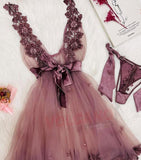 Two-piece lingerie made of tulle with lace embroidery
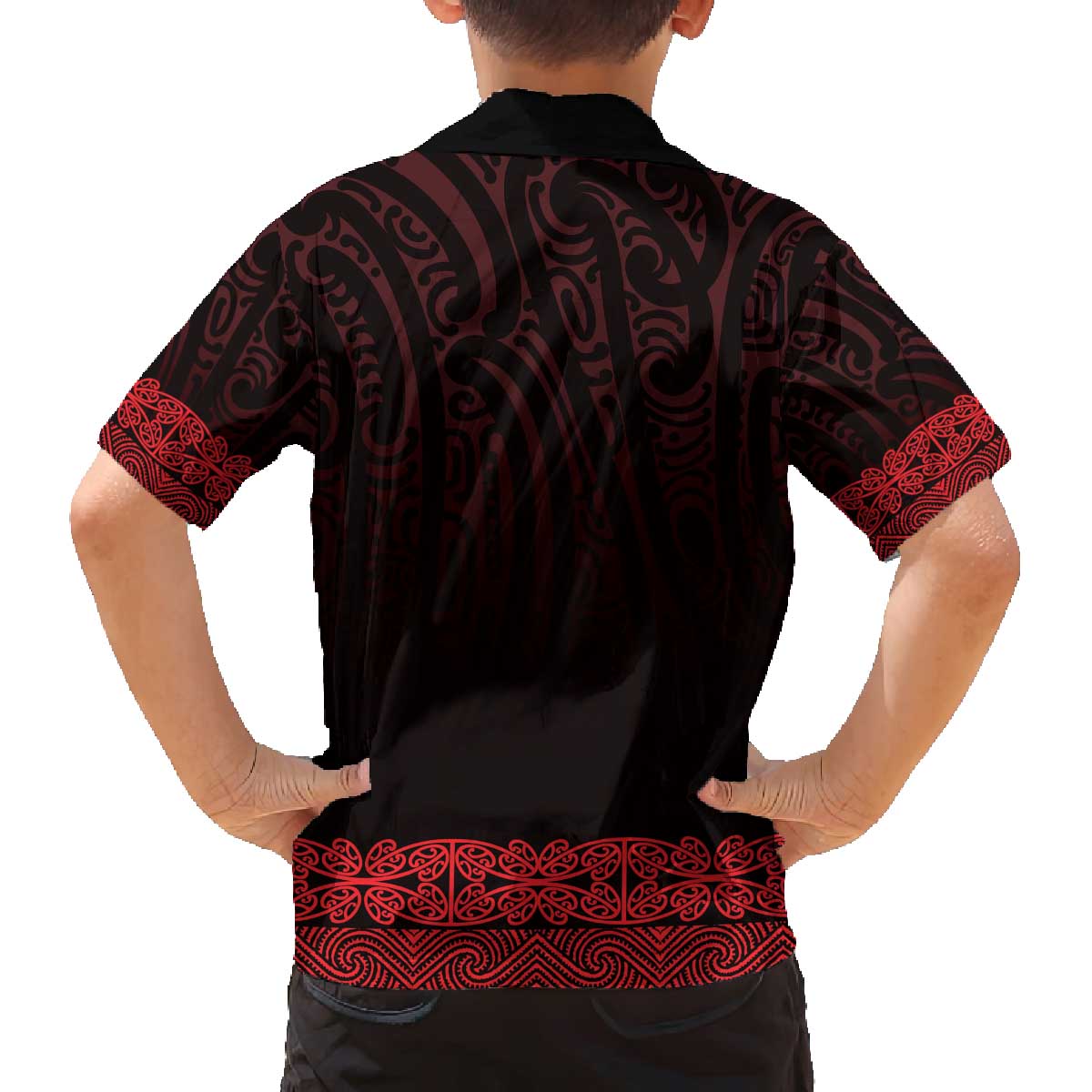 New Zealand Maori Kowhaiwhai Family Matching Off The Shoulder Long Sleeve Dress and Hawaiian Shirt Whero Maui and Mangopare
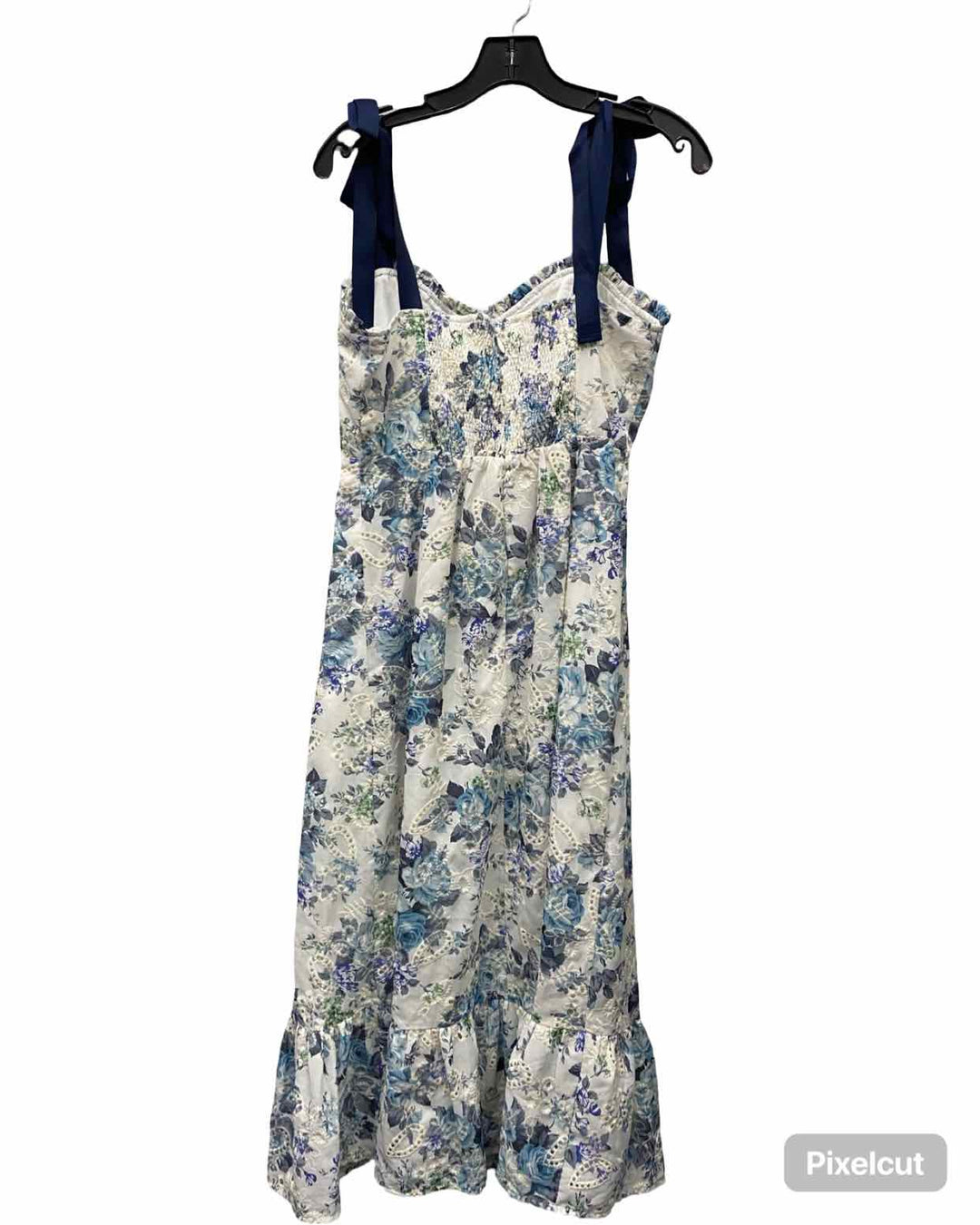Sugar Lips Size M White Blue Floral Dress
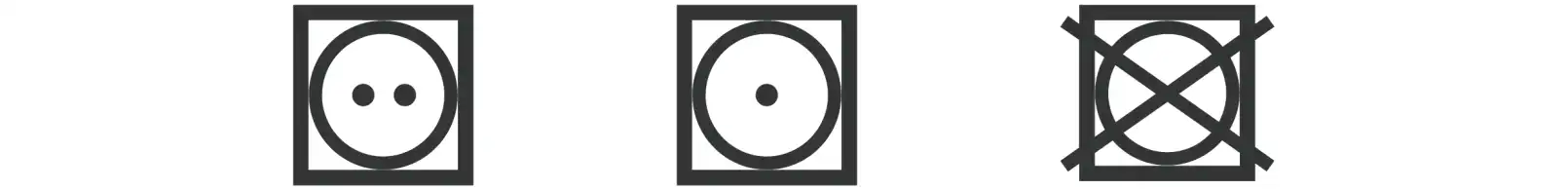 Tシャツなどに付いている乾燥機の使用に関する洗濯表示マーク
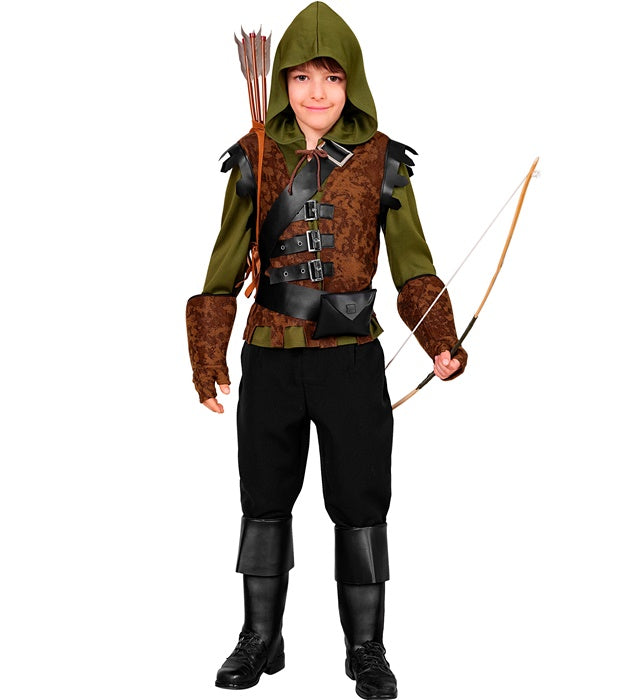 Robin Hood Kostüm Set mit Kapuzenoberteil, Weste, Schärpe, Gütel, Handschuhen und Stiefelüberziehern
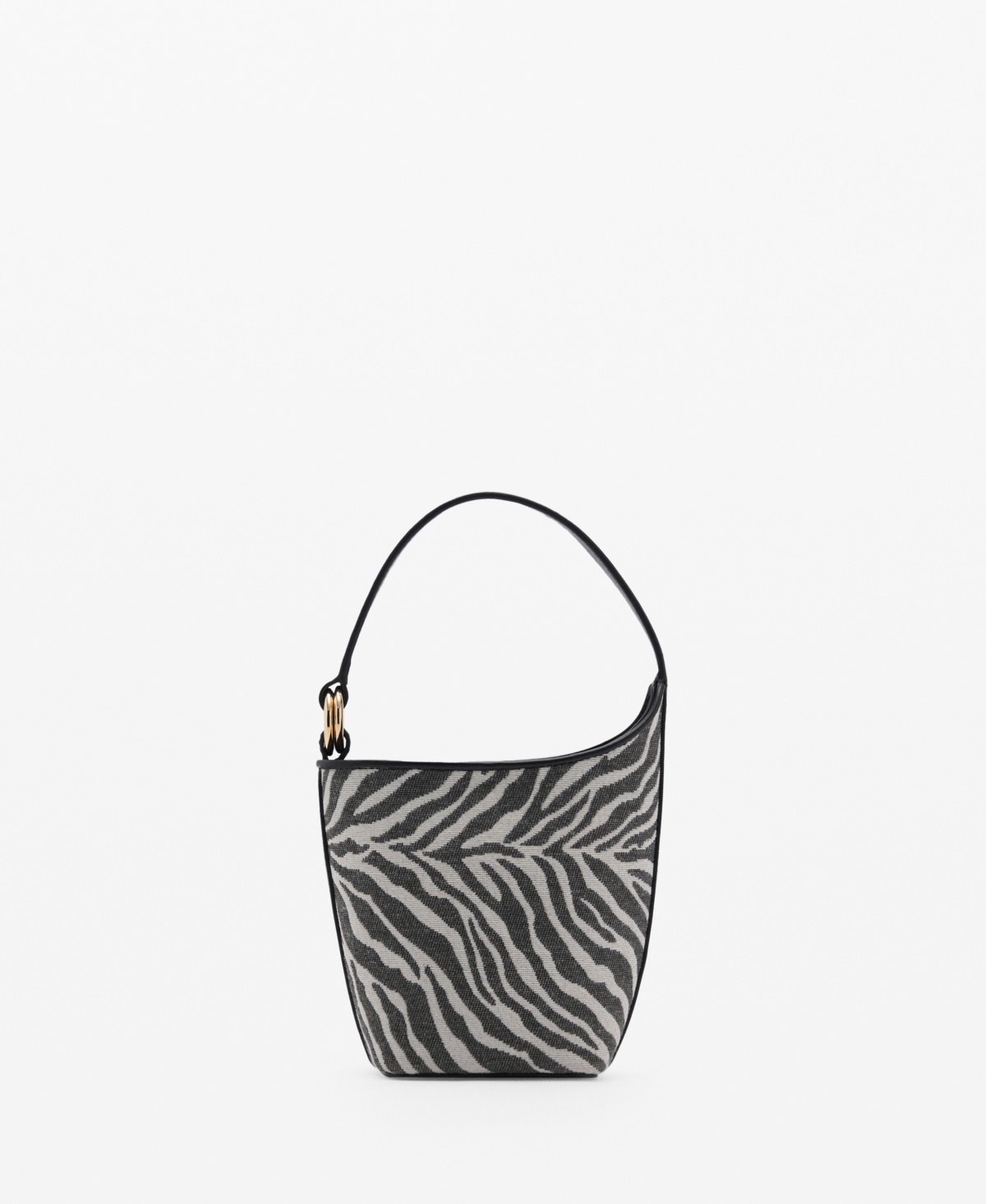 Mango Large Zebra-print Bucket Bag Black In Black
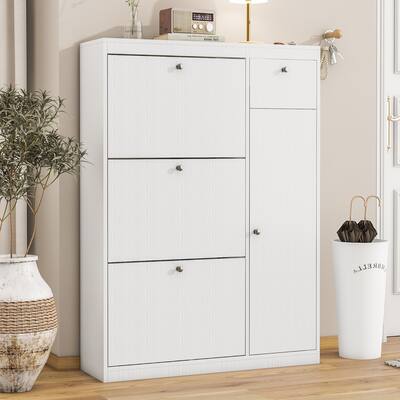 Shoe Storage Cabinet for Entryway,Shoe Organizer with 3 Flip Drawers,Adjustable Shelf & Drawer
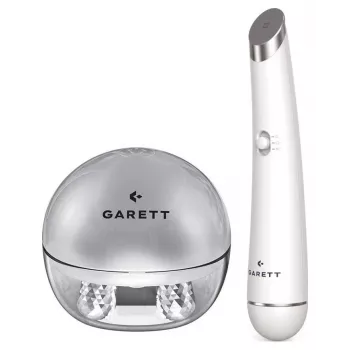 Garett Beauty Pretty Face + Glow Eye White - Multifunktionales Gesichts- und Augenpflegegerät mit LED-Therapie, Reinigung, Massage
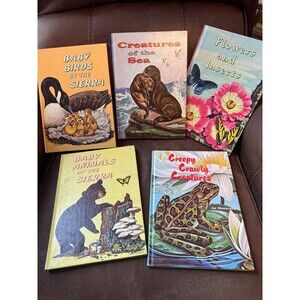5 Vtg. Children's Books by Joe Maniscalco 1960's Animals Sealife Reptiles Birds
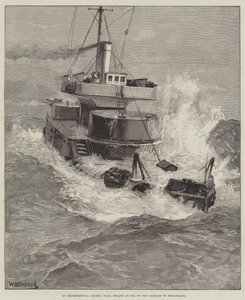 Kísérleti körút, a HMS Hecate a tengeren Helgoland felé vezető úton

====

• How to complete this task: Could you give the material again exactly as it stands, omitting any image?

• Task response:
 Two-piece lingerie made of tulle with lace embroidery
 New Zealand Maori Kowhaiwhai Family Matching Off The Shoulder Long Sleeve Dress and Hawaiian Shirt Whero Maui and Mangopare
Sugar Lips Size M White Blue Floral Dress
 Tシャツなどに付いている乾燥機の使用に関する洗濯表示マーク
 Robin Hood Kostüm Set mit Kapuzenoberteil, Weste, Schärpe, Gütel, Handschuhen und Stiefelüberziehern
 Mango Large Zebra-print Bucket Bag Black In Black
 Shoe Storage Cabinet for Entryway,Shoe Organizer with 3 Flip Drawers,Adjustable Shelf & Drawer
 Garett Beauty Pretty Face + Glow Eye White - Multifunktionales Gesichts- und Augenpflegegerät mit LED-Therapie, Reinigung, Massage
5 Vtg. Children's Books by Joe Maniscalco 1960's Animals Sealife Reptiles Birds
 Kísérleti körút, a HMS Hecate a tengeren Helgoland felé vezető úton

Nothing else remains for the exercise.